FILE PHOTO - Beyonce performs at the 59th Annual Grammy Awards in Los Angeles, California, U.S. on February 12, 2017.REUTERS/Lucy Nicholson/File Photo

Over 900 people turned up at the Grace Cathedral Church in San Francisco on Wednesday for the "Beyonce Mass," which reportedly featured some scriptural readings blended with music by the pop star.

According to World Net Daily (WND), the church usually draws about 50 parishioners during evening services, but more than 900 came for the "Beyonce Mass" on Wednesday.

Beyonce's music blared inside the church as a screen counted down the minutes to the start of the mass.

The service featured Beyonce's songs "Freedom" and "Flaws and All" after scriptural readings from the books of Luke and Psalms.

Rev. Yolanda Norton of the San Francisco Theological Seminary delivered a sermon taken from her seminary course on "Beyonce and the Hebrew Bible," which highlights the themes in the pop star's music as well as the injustices experienced by black women.

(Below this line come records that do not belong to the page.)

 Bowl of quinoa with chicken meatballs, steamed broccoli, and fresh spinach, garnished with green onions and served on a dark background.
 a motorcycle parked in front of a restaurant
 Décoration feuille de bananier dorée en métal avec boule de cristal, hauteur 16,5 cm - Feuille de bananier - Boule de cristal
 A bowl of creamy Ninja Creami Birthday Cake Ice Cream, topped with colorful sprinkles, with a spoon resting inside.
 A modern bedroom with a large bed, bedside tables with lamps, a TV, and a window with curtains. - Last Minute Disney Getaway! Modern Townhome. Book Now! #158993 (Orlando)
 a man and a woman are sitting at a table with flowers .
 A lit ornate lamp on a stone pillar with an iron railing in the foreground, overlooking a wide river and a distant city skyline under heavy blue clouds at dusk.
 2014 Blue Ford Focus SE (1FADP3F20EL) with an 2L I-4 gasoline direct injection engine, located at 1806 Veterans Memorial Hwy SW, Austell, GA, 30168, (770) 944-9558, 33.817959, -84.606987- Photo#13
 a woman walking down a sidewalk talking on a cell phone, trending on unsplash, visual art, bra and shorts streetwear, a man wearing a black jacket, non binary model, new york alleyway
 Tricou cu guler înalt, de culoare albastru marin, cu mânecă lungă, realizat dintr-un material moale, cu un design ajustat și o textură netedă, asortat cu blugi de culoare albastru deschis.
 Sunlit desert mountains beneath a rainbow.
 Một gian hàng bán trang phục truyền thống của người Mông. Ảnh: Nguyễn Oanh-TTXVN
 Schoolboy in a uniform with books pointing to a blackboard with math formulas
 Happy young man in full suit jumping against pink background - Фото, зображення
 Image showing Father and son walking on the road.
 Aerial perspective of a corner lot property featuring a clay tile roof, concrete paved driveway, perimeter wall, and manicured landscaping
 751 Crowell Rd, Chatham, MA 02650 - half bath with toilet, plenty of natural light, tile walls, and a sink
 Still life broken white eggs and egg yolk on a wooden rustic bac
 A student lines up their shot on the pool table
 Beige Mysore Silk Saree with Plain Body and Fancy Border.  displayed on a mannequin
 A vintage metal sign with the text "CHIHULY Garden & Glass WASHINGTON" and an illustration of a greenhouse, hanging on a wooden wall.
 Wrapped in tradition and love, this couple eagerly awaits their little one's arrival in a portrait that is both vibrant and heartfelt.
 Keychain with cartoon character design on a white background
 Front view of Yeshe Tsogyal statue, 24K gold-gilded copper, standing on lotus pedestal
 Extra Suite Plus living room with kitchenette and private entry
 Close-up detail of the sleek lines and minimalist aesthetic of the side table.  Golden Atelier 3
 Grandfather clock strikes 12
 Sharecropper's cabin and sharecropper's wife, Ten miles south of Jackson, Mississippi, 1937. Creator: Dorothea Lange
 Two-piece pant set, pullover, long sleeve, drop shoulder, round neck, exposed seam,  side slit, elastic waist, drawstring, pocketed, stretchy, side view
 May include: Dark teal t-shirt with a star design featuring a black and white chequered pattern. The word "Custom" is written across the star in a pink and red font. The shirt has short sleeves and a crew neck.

"Empire never falls lightly. Sometimes we call it racism; we call it empire. You call it homophobia; we call it heterosexual aggression; and tonight, we call it empire," Norton stated in her sermon, according to Breitbart News.

Performers also belted out their own rendition of Beyonce's music, including the song "Survivor," which was released when she was still part of the group Destiny's Child.

There were also scripture readings by black women, communion and the reading of a speech by civil rights leader Elle Baker.

Jude Harmon, the founding pastor of the church's ministry called the Vine, said that the responses she had received in the days leading up to the event had been "overwhelmingly positive," although some had raised objections via phone, email and social media.

"I know there are people who will say using Beyonce is just a cheap way of trying to get people in the church," Harmon said, as reported by WND.

"But Jesus used very provocative images in the stories he would tell to incite people to ask hard questions about their own religious assumptions. He regularly provoked. We're following in the way of Jesus," she continued.

The mass was part of a series called "Speaking Truth: The Power of Story in Community" and follows on from the first part of Vine's series called "The Original Nasty Woman," which focused on Mary Magdalene.

In the program, the church argued that Mary Magdalene would be "wearing a pink hat" if she were alive today, and that she would be "marching with all who wear that epithet, 'nasty woman,' as a badge of honor."